After wanting to try a budget rain repellent I settled on tw clear Vue, now this is a cheap product £4.99 for 300ml. 
Was a very easy product to apply And i followed the instructions so :

Cleaned glass I washed the car then used 3m glass cleaner 
Applied a thin layer on glass using a make up pad
Left to cure then applied second coat over the first 
Left it to cure about 15min then buffed off using a microfiber cloth and light misting of water

My glass has been recently clayed so was a nice clean bond it buffed off with ease 

Now it worked very well in the rain started beading off around 35mph, and the glass stayed very clean compared to no sealant before. Tw say durability is 2 - 3 weeks however on the windscreen it started failing after 12 days where the wipers sweep. The side glass is still going strong 18 days on although showing signs of failing. 

Overall it is a good product but for me the durability is the biggest problem. But if u don't mind applying every 2 weeks it is worth it. 

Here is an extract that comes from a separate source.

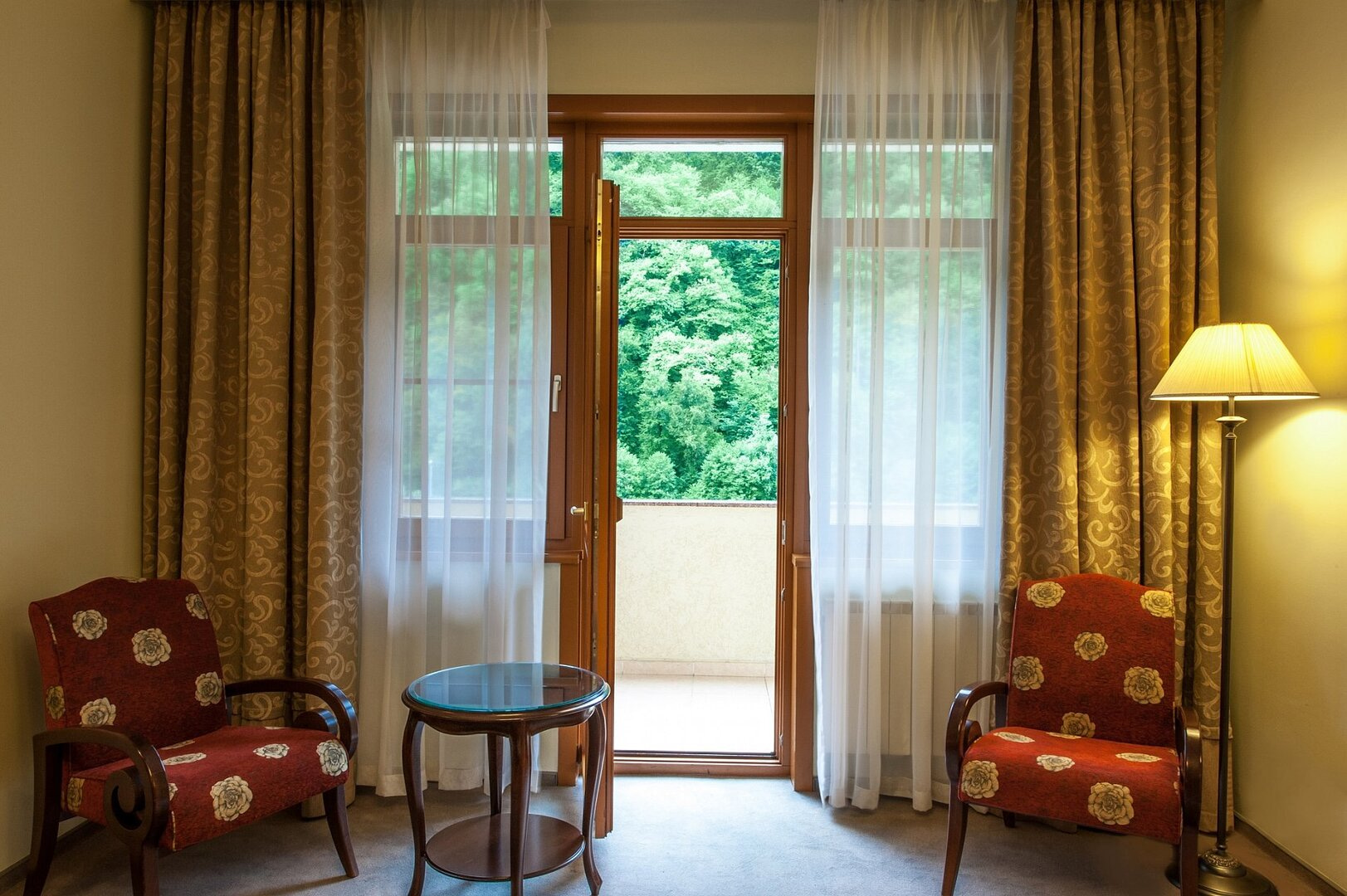 Делюкс с балконом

It was applied to a previa so alot of glass and tbh I used around 30ml to cover all the car so a £4.99 bottle will go a long way and last a very long time 

Hope this is off some use for people wanting to try a budget rain repellent


----------



## Mean & clean (Aug 19, 2007)

This is the rain repellent I use. 

On my car it seems to last weeks as water on the windscreen just seems to bead anyway but it's definitely stronger after using this. On the mrs car which isn't a pampered car it lasts about 2 weeks at best.

A little does go a long way like you say.

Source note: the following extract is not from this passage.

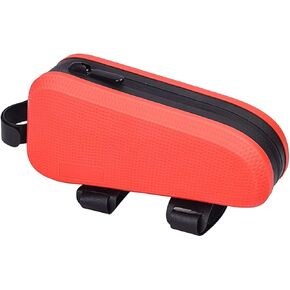 WILD HERT Bike Top Tube Bag Bicycle Front Frame Bag Waterproof Bike Pouch Pack Bike Phone Bag Cycling Accessories Pouch for Mountain Road Bike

Sent from my iPad using Tapatalk HD


----------



## BrummyPete (Jun 10, 2010)

Used this before, lasts a couple of weeks and beads welk, only prob i found is that after a weeks it smears quite badly when using the wipers

Sent from my GT-I9100 using Tapatalk 2


----------



## Smithey1981 (Oct 4, 2011)

tbh i haven`t had any smearing issues


----------



## BrummyPete (Jun 10, 2010)

Smithey1981 said:


> tbh i haven`t had any smearing issues


I tried it a few times, could be the way its applied, now using G1 and find it miles better but of course costs more

Sent from my GT-I9100 using Tapatalk 2


----------



## Stevesuds (Jun 11, 2012)

I use this and have no issues. Applied just as you did and still going strong at least four weeks later. Strange.


----------



## Smithey1981 (Oct 4, 2011)

The durability was the deciding factor for me to bite the bullet and buy g1 and g3 tbh. It is a good product but would rather not be applying every 2 weeks


----------



## james_death (Aug 9, 2010)

Thanks for testing...:thumb:

Had a good few months out of the Mer rainaway.

Had a year on Carlack one.


----------



## TigerUK (Apr 1, 2012)

Smithey1981 said:


> tbh i haven`t had any smearing issues


i believe he's referring to the hazing issue that happens for a few millisecods after a wipe which can be distracting but you get sued it.

This is part en parcel with rain repellent, and happens with all rain repellents./


----------